尚真の政策で神女権力が絶対的になったというお話をしてきましたが、
国王と男の配下の信仰的身分はどう位置づけられたのでしょうか?
結論を言うと、国王と配下は、信仰的には同格でした。
第二尚氏の思想を伝える史料に、
王府が編纂した『おもろさうし』(「おもろそうし」と読む)があります。
全部で22巻あり、1531~1623年にかけて成立しました。
1531年以前の人物も登場するため同時代史料としての価値は低いとする研究者もいますが、「1531年以降の王府の思想がわかる」という意味においては同時代性があります。
※同時代史料
書かれた内容と書かれた時期が同じである史料のこと。一般的に、後世に書かれた史料より信ぴょう性が高いとされる。

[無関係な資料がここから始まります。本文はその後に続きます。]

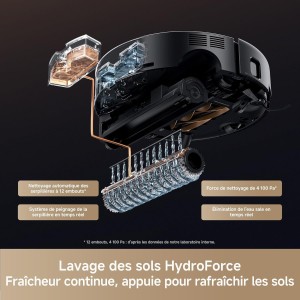 Mova Z60 Ultra Roller Complete – Staubsauger mit HydroForce-Reinigungstechnologie, DuoSolution, StepMaster 2.0, LiftPro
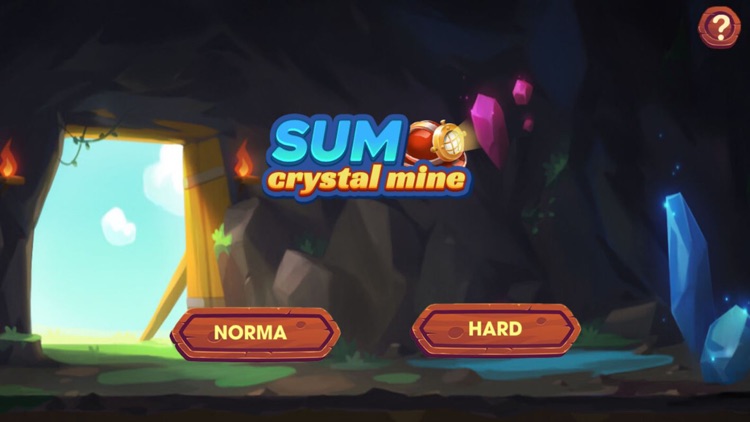 SUM crystal mine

尚真以前、統一国とはいえ各地にはいまだ按司(支配者)が割拠していたことは何度かお話しましたが、
『おもろさうし』の中では、国王と配下である地方支配者が信仰的に同格に扱われました。
それは、
それぞれの尊称に表れています。
【国王の尊称】
・首里のてだ(首里の太陽)
・首里おわるてだこ(首里にいらっしゃる太陽の子)
・按司
・按司襲い
・按司のまたの按司(按司の中の按司)
・世の主
など
【地方支配者の尊称】
・〇〇のてだ
(越来のてだ、宜野湾のてだ、棚原のてだ、北谷のてだ、勝連のてだ、今帰仁のてだ、伊祖のてだ、など)
・按司
・按司襲い
・按司のまたの按司
・世の主
など
以上のように、
国王も地方支配者も、ほとんど尊称に違いがありません。
唯一「てだこ」だけは国王のことを指す、くらいの差しかないのです。
これは、国王と地方支配者の信仰的身分にほとんど差がなかったことを意味します。
地方支配者の中には、クーデターを起こして首里にまで攻めてきた
王府としては逆賊にあたる阿麻和利も含まれています。
なんと、『おもろさうし』では、
阿麻和利までもが国王と同格に賛美されているのです。

阿麻和利の墓(読谷村)
国のトップが配下や逆賊と信仰的に同格!?
そんなバカな話があるか!!
と、思わる方も多いと思いますが、
それが琉球スタンダードなのです。
では、国王と地方按司にはまったく何も差がなかったのかというと、
そうではありません。
重要なカギを握るのは「〇〇のてだ」という尊称です。
「てだ」は、神女にセヂ(霊力)を授けられた按司が獲得する信仰的身分で(
「6話 圧倒的女性優位の信仰」参照)、
国王であれば「首里のてだ」、
地方支配者であれば「〇〇のてだ」のように呼ばれました。
じつはこの「てだ」の前に付く「〇〇」が非常に重要なのです。
『おもろさうし』で〇〇に入るものをすべて挙げると、
首里、越来、山城、棚原、宜野湾、北谷、勝連、今帰仁、伊祖、糸数、玻名城、大里
があります。
これらはただの地名ではありません。
すべて聖地を表しています(「宜野湾」以外はすべてグスク)
つまり、
「〇〇のてだ」は、
“〇〇という聖地の神(神女)にセヂを授けられた按司”
という意味になります。
「首里」であれば首里の神女に、「越来」であれば越来の神女に、セヂを授けられた按司。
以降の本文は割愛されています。